▸ Your assignment
Output the full listing below exactly; the images stay out.

▸ Recorded data
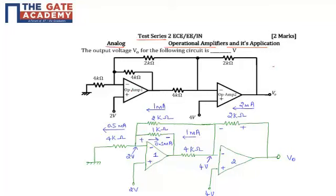The circuit has two op-amps, op-amp 1 and op-amp 2, both connected in series. The negative terminal of op-amp 1 is connected with three resistances of values 4 kilo-ohms, 4 kilo-ohms, and 2 kilo-ohms. The other end of the 4 kilo-ohm resistor at the negative terminal is grounded. The positive terminal of op-amp 1 is connected to 2 volts.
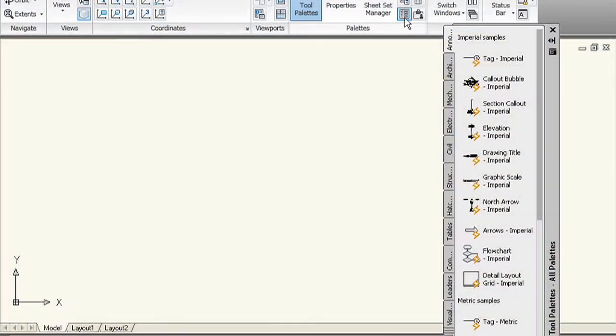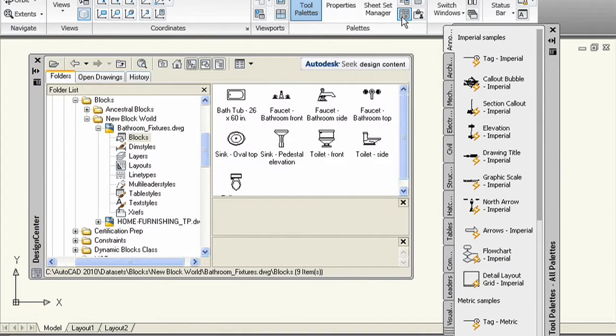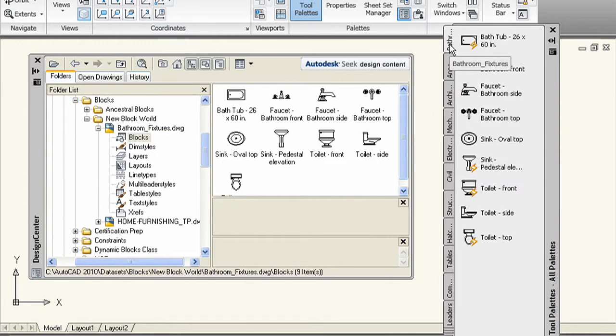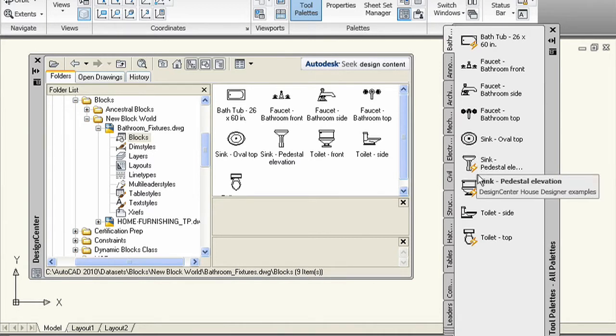Dynamic blocks — we don't build them the same way that we made our legacy blocks. We don't use the W block command anymore. What we do is build our dynamic blocks in one single drawing file. So the question is: how do you get your dynamic blocks from that file onto a tool palette? The technique is really easy. You simply open up Design Center, navigate to where the file is, and right-click on the file. A little pop-up will come up and ask you to create a tool palette from all the blocks in that file. Once you choose that, AutoCAD automatically builds a brand new palette with all of the blocks in that file — so not only do you get the legacy blocks, you get the dynamic blocks too.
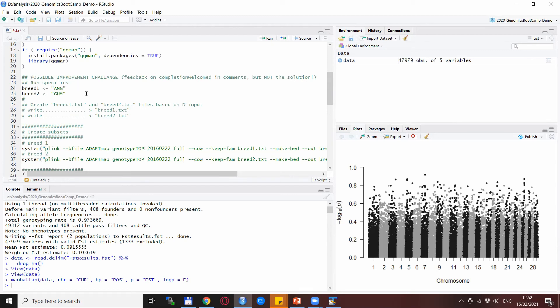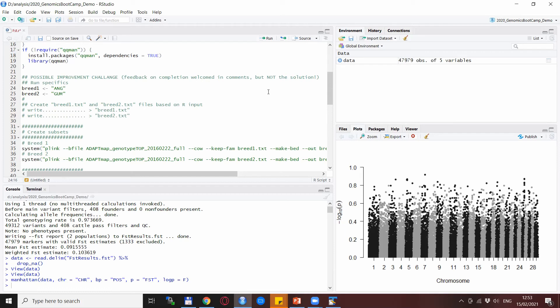My small challenge to you is to try to write these two lines. Of course, just not to take away the joy of discovery from others, I welcome the feedback on completion in the comments for this video, but please do not place the solution there so that others can also play around a bit and find it out on their own.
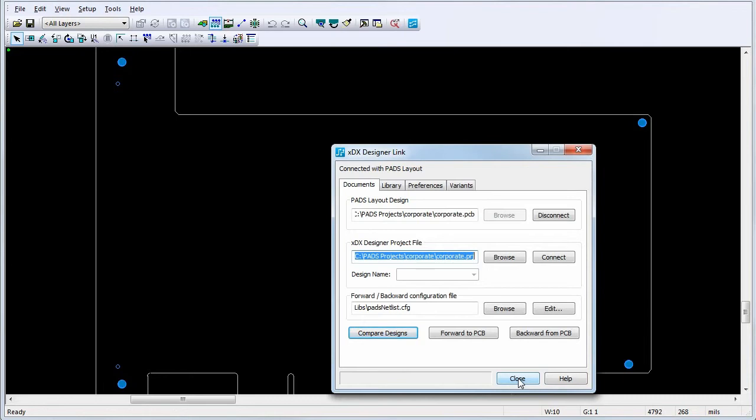In the XDX Designer Link dialog, select the schematic you want to link to your PCB design by clicking the Browse button in the XDX Designer project file area. For this example, we'll be linking to the Corporate project file.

▸ Response for this exercise
The circuit has two op-amps, op-amp 1 and op-amp 2, both connected in series. The negative terminal of op-amp 1 is connected with three resistances of values 4 kilo-ohms, 4 kilo-ohms, and 2 kilo-ohms. The other end of the 4 kilo-ohm resistor at the negative terminal is grounded. The positive terminal of op-amp 1 is connected to 2 volts.
Dynamic blocks — we don't build them the same way that we made our legacy blocks. We don't use the W block command anymore. What we do is build our dynamic blocks in one single drawing file. So the question is: how do you get your dynamic blocks from that file onto a tool palette? The technique is really easy. You simply open up Design Center, navigate to where the file is, and right-click on the file. A little pop-up will come up and ask you to create a tool palette from all the blocks in that file. Once you choose that, AutoCAD automatically builds a brand new palette with all of the blocks in that file — so not only do you get the legacy blocks, you get the dynamic blocks too.
My small challenge to you is to try to write these two lines. Of course, just not to take away the joy of discovery from others, I welcome the feedback on completion in the comments for this video, but please do not place the solution there so that others can also play around a bit and find it out on their own.
In the XDX Designer Link dialog, select the schematic you want to link to your PCB design by clicking the Browse button in the XDX Designer project file area. For this example, we'll be linking to the Corporate project file.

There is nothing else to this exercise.